*** AVAILABLE DATA ***

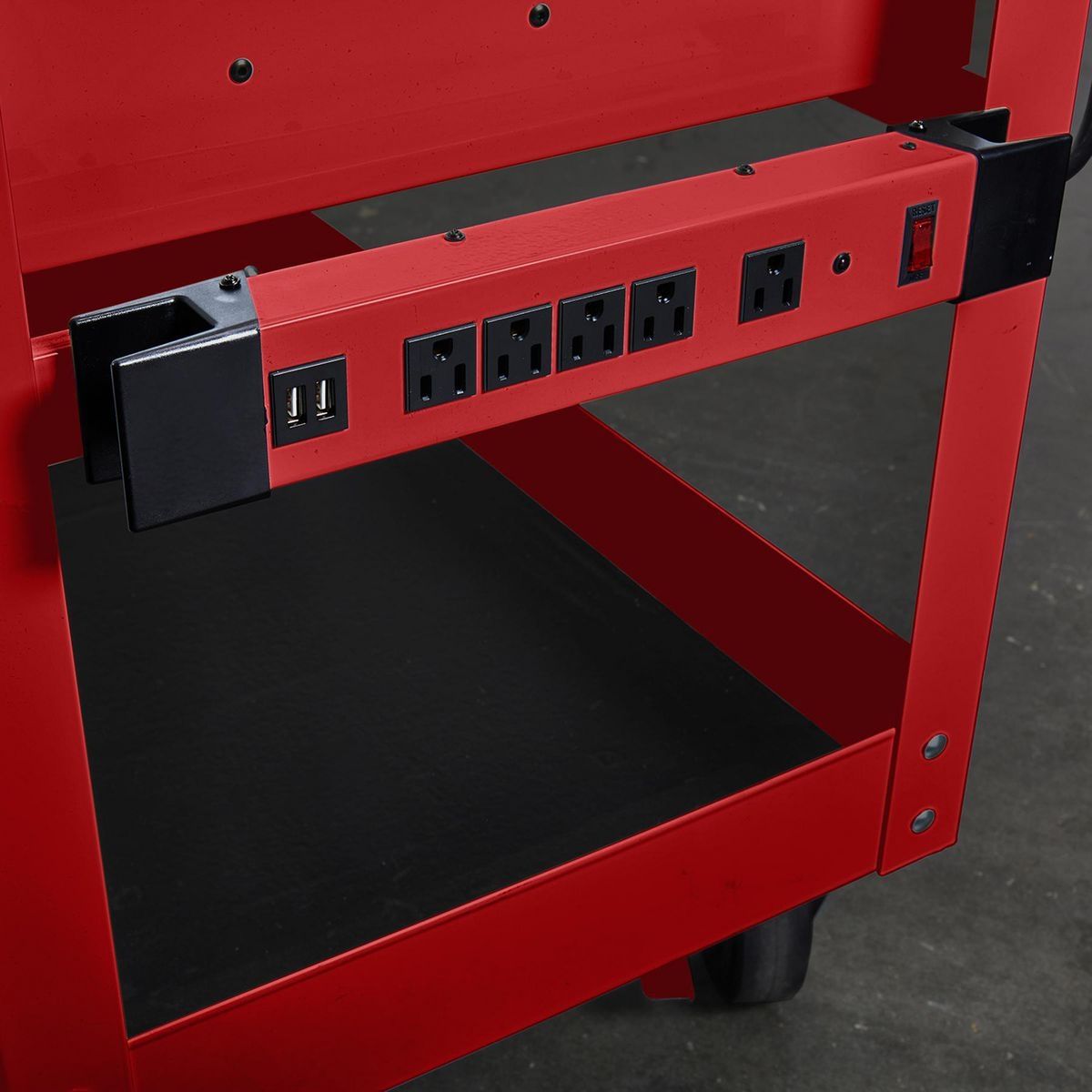 Tira de energía magnética de 5 salidas con carcasa de metal y 2 puertos USB, color rojo - 63737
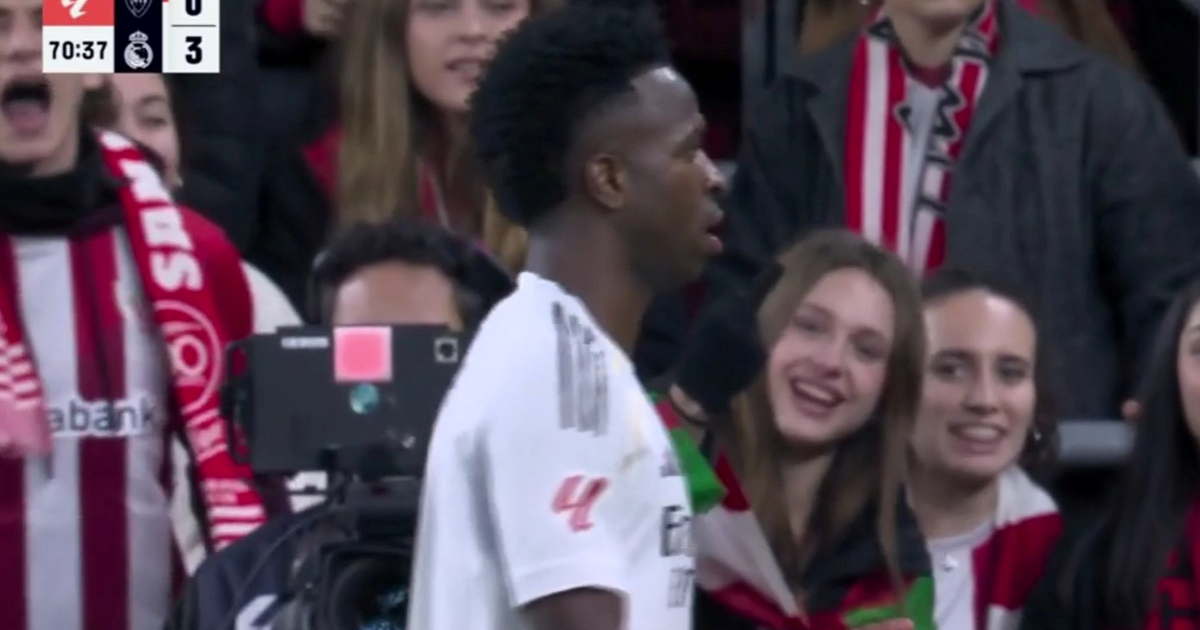 Real vodi 3:0, Vinicius pokazuje tri prsta navija&#x10D;ima. Pogledajte reakciju publike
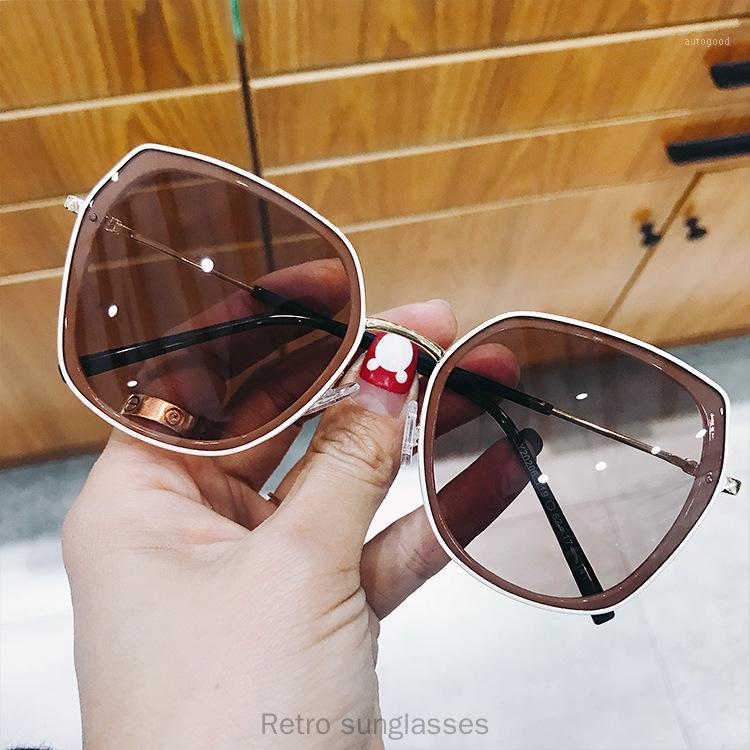 

Sunglasses Vintage Oversize Square Women Fashion Personality Gradient Glasses Big Frame Ladies Sun Black FML1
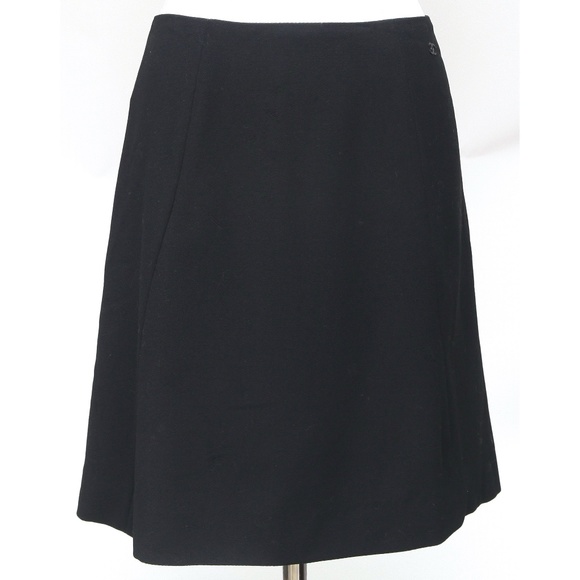 CHANEL Black Wool Skirt Knee Length Sz 40 04C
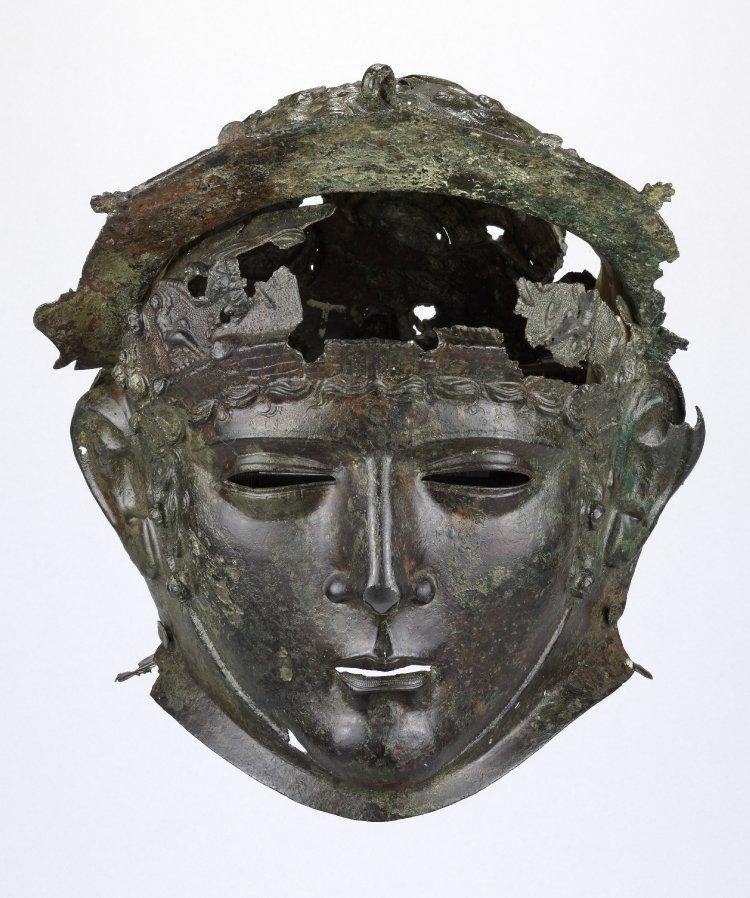 Шлем Рибчестера. Церемониальный бронзовый парадный шлем римской кавалерии с лицевой маской, примерно 1-2 век нашей эры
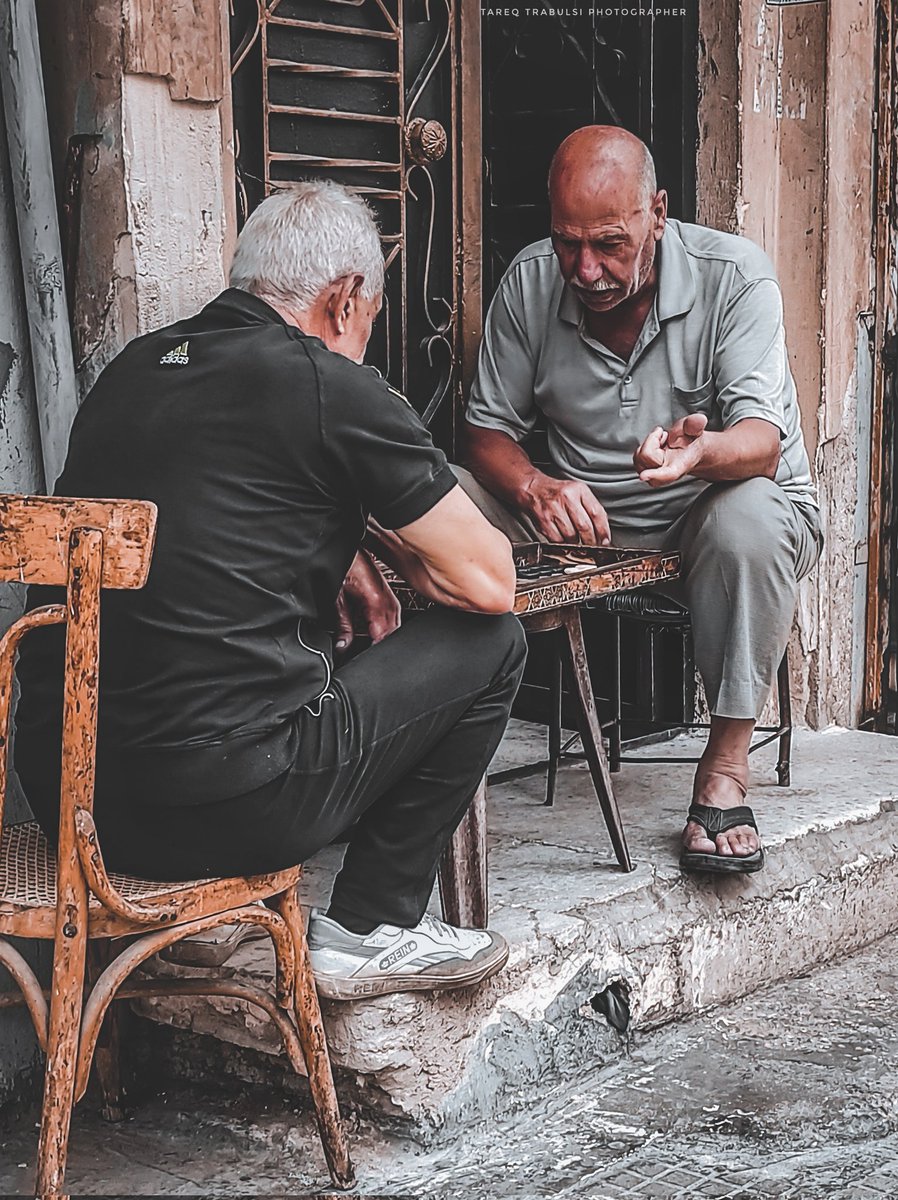وعلى الدنيا السلام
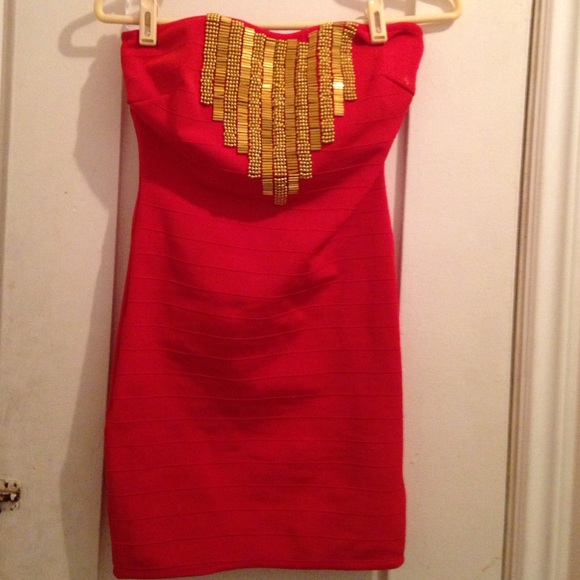 Beautiful dress used once for a photoshoot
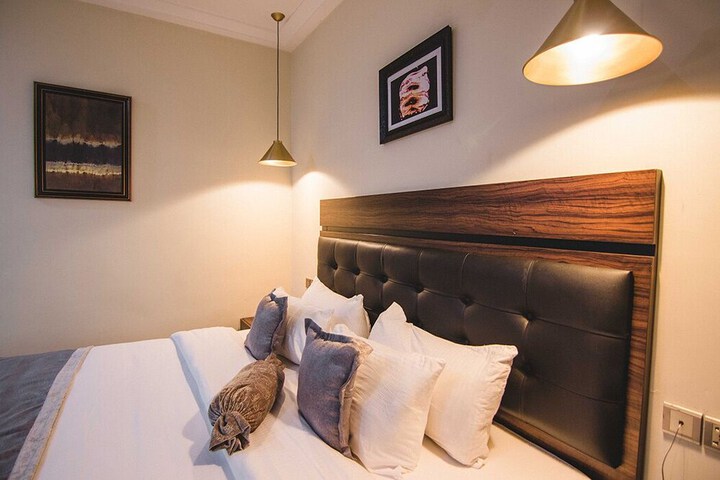 Room 15 of 41
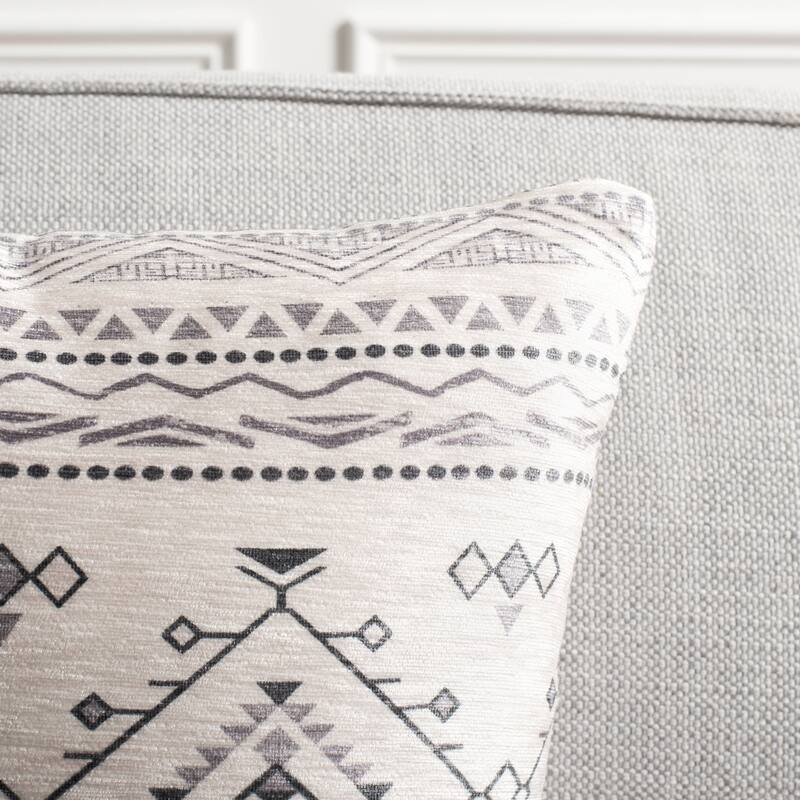 SAFAVIEH Eelkje Pillow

***

• WHAT THE TASK REQUIRES: Each line above has to be returned exactly. Drop the pictures.

• ANSWER TO THE EXERCISE:
 Tira de energía magnética de 5 salidas con carcasa de metal y 2 puertos USB, color rojo - 63737
 Real vodi 3:0, Vinicius pokazuje tri prsta navija&#x10D;ima. Pogledajte reakciju publike

Sunglasses Vintage Oversize Square Women Fashion Personality Gradient Glasses Big Frame Ladies Sun Black FML1
 CHANEL Black Wool Skirt Knee Length Sz 40 04C
 Шлем Рибчестера. Церемониальный бронзовый парадный шлем римской кавалерии с лицевой маской, примерно 1-2 век нашей эры
وعلى الدنيا السلام
 Beautiful dress used once for a photoshoot
 Room 15 of 41
 SAFAVIEH Eelkje Pillow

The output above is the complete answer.